Amy showed Sethe where a lean-to was, and tried to tend to her wounds. It was Amy who said that the scars on Sethe's back were a chokeberry tree. Amy wondered what God could be up to. Sethe, to everyone's surprise, lived through the night. Sethe and Amy found a boat the next morning, and in that boat Amy helped Sethe to give birth to Denver. They came ashore and tended to the baby that night, dressing the infant in rags from their own bodies. The next morning, Amy asked Sethe to tell the baby about her and then set off on her own, afraid to be caught with a runaway.


Beloved's need to possess Sethe is frightening: she insists that Sethe is hers, and that she needs her. The dynamic between Denver and Beloved is unhealthy: Denver is desperate for kindness from Beloved, but Beloved is fickle and selfish, like a child, only needing Sethe.
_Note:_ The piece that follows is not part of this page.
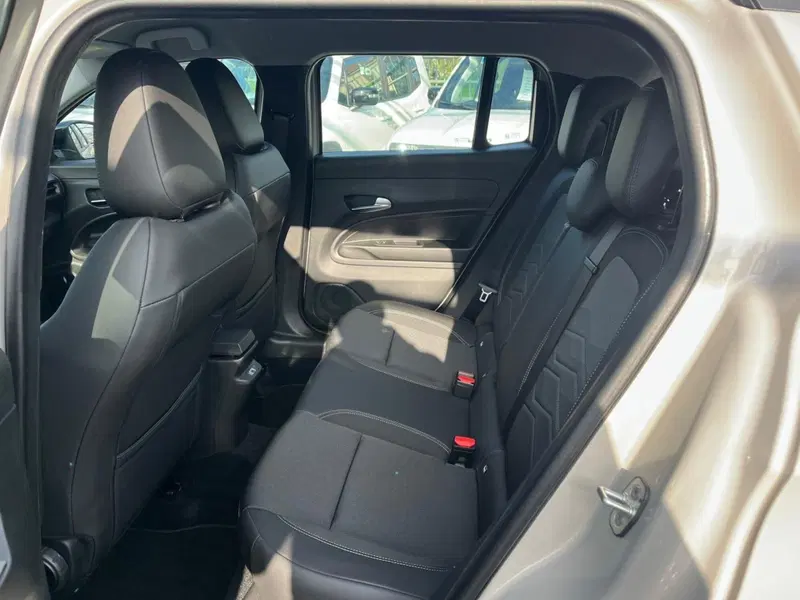 Jeep Avenger nuova a Milano (13)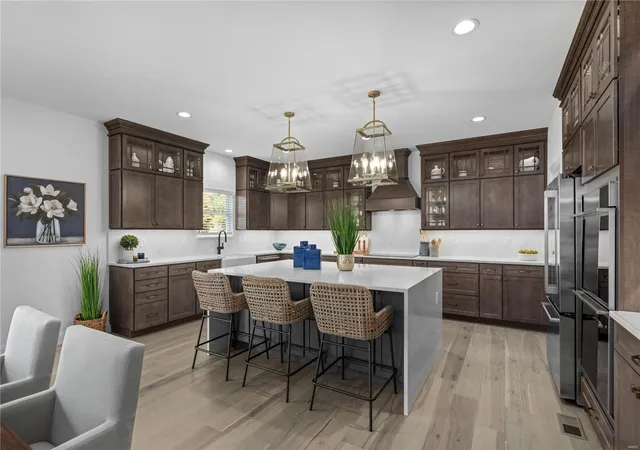 2nd image of 2 Pin Oak Ii At Polo Grounds, Eureka, MO 63025 | MLS# 24021821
Denver often feels rejected and lonely.

The tree on Sethe's back, and Amy's questions about what it could all mean, are reflective of the need to make sense of slavery's legacy. Amy's re-imagining of the scars as a tree presents a faith in art, in imagination, in hope. The tree is often an image of protection and shelter throughout the book (Paul D's tree at Sweet Home, Denver's boxwood room, the flowering trees Paul D follows to the North in a flashback later in the novel). Amy's aid to Sethe, and the beautiful birth of Sethe's child, shows more cause for hope. When the two women came ashore and tend to the baby, they were coming to see "what, indeed, God had in mind." There is reason to be optimistic. The birth of this baby, the baby who will be named Denver, provides a powerful juxtaposition to the story of the baby ghost, and shows hope for the future.